You can monitor the status of your compute runs by:

httk-tasks-status <computer name>

And as soon as one or more of the runs have finished, you can fetch them back with:

httk-tasks-receive-from-computer <computer name>

This concludes what you need for ‘simple’ use of the task system. However, for advanced use, you will need to better understand precisely how the taskmanager.sh process operates. This information is present in a separate text: RUNMANAGER_DETAILS.txt.

If you want; how to submit your results to a public database

httk includes tools that, if you want to, makes it easy to submit a project directory so that your data can be made available and searchable in a public database. The normal case would be the Open Materials Database (http://openmaterialsdb.se), run by the same people involved with the httk framework.

First, if you have not yet setup a project directory, do so. I.e., collect all the files that you wish to be part of the submission and do:

httk-project-setup project_name

This creates a subdirectory ht_project in this directory. You must now use a text editor and edit three files in this directory:

  1. Edit ht_project/config and set description=A good description of your poject.
  2. Edit ht_project/license and write clearly what license you place the data under. For submissions to the Open Materials Database we normally ask for the data to be placed either under a creative commons attribution license, or the public domain. (This can be negotiated, contact the omdb team at contact [at] openmaterialsdb.se.) See http://openmaterialsdb.se/contributorinfo.html for the latest info.
  3. Optional: edit ht_project/references and insert, one per line, any citations to papers, etc., that you want to associate with this project.

Once your project is setup correctly, you simply have to have the project directory as your current working directory and execute:

httk-project-submit

(or httk-project-submit <website> if you want to submit somewhere else than the Open Materials Database.)

After a series of question and a cryptographic signing of your project files, your files will be submitted to the database.

Note that submitted results are not directly and automatically processed. There is a certain level of manual examination by us to make sure the upload makes sense before we add it to the database.

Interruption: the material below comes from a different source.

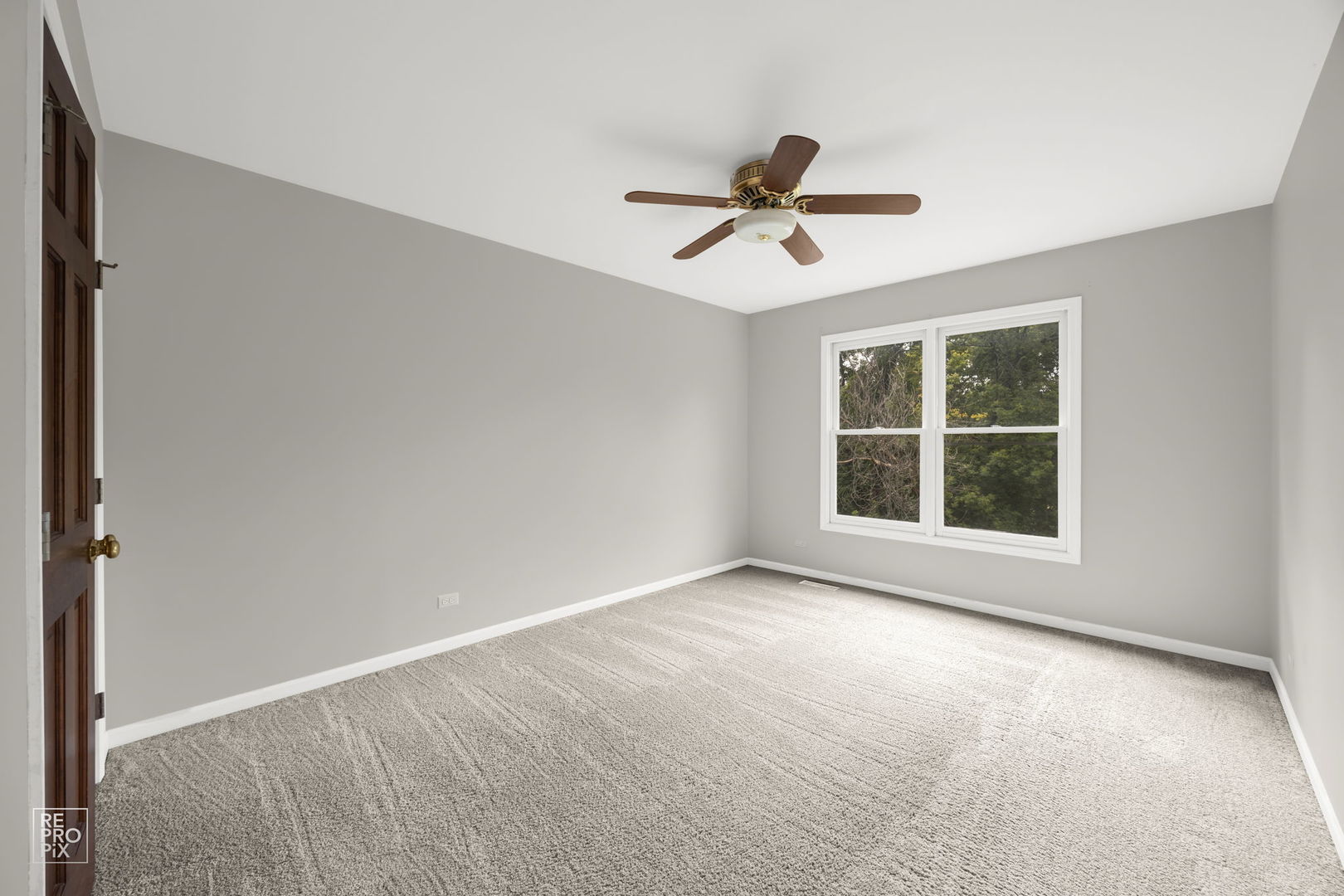 602 Bailey Drive Batavia, IL 60510 - Photo 20 of 26 a view of empty room with windows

Furthermore, you can edit the file ht.project/references to add or remove publications even after your result has been submitted. To re-submit updated references, issue the command:

httk-project-submit-update-references

Finally, should you change your mind about the data being published, you can issue the command:

httk-project-submit-withdraw

Which will lead to the result eventually being pulled from our data (however, also here some manual work is involved, so the result will not be intimidate.)